In Friday’s job report, the US employment rate fell to 5.8 per cent in May from 6.1 per cent in April, as companies added 559,000 jobs. Meanwhile, US workers’ wages registered strong gains, adding pressure on the Federal Reserve to fine-tune its monetary policy to balance growth and inflation risks.
“The May non-farm payrolls report showed that the economy is still far from showing substantial progress with the labour market recovery,” said Edward Moya, an analyst at Oanda.
Hong Kong’s stocks have reverted to its rangebound trading pattern as a lack of catalysts scuppered a breakout attempt last week amid renewed concerns about US sanctions on Chinese firms. Treasury Secretary Janet Yellen said President Joe Biden should push on with his US$4 trillion spending plans, adding that a “slightly higher” interest rate environment would be a “plus” should they quicken inflation.
“If we ended up with a slightly higher interest rate environment, it would actually be a plus for society’s point of view and the Fed’s point of view,” Yellen said, according to Bloomberg on Sunday.
Other major markets in Asia were mixed on Monday, with stock benchmarks in Japan and Taiwan retreating slightly and those in Australia and Taiwan advancing.
Traders are also keeping a close watch on China’s factory-gate inflation data that is due on Wednesday.
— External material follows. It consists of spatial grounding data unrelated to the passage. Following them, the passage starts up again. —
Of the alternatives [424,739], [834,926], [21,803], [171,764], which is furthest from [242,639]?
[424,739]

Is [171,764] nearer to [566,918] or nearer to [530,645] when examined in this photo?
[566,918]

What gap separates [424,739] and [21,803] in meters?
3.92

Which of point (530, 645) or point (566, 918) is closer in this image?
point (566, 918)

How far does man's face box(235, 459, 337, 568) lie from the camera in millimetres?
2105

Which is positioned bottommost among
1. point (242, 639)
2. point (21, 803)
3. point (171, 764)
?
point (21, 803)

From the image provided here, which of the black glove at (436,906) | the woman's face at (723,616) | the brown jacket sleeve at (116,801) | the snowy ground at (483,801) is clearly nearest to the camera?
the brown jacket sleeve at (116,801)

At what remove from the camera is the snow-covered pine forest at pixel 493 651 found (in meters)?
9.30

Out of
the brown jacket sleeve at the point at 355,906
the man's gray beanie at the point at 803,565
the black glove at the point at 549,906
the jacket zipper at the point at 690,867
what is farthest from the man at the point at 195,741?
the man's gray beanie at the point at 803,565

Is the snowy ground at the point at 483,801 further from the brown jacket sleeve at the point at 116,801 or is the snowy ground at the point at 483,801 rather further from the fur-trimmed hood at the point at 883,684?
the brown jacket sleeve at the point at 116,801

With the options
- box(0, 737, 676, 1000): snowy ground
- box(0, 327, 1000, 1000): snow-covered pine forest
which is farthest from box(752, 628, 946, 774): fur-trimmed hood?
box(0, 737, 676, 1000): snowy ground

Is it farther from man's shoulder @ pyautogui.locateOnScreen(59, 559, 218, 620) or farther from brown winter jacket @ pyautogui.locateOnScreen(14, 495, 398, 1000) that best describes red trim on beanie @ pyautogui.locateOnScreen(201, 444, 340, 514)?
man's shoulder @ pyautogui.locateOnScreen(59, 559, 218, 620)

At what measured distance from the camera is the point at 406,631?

The government took measures over the past month to curb surging commodity prices. Producer prices probably rose 8.5 per cent in May, accelerating from a 6.8 per cent in April, according to consensus in a Bloomberg survey of economists.
On the bright side, WH Group, the world’s biggest meat processor, surged 7.7 per cent to HK$7.33 after offering as much as HK$14.95 billion (US$1.93 billion) to buy back 13 per cent of its capital at a premium to market.
CNOOC climbed 2.4 per cent to HK$8.72 and China Petroleum & Chemical, also known as Sinopec, rose 0.2 per cent to HK$4.29. Oil futures rose as much as 0.6 per cent to US$70 in Asian trading after upbeat comments by major trader Vitol Group on demand outlook. Crude topped US$70 a barrel for the first time since 2018.
All the four companies rose on their first day of trading on the mainland’s exchanges. Among top performers, Shenzhen Sosen Electronics, which makes light-emitting diode drivers, surged 450 per cent in Shenzhen. Wuxi Zhenhua Auto Parts gained the least, rising 44 per cent to 16.16 yuan in Shanghai.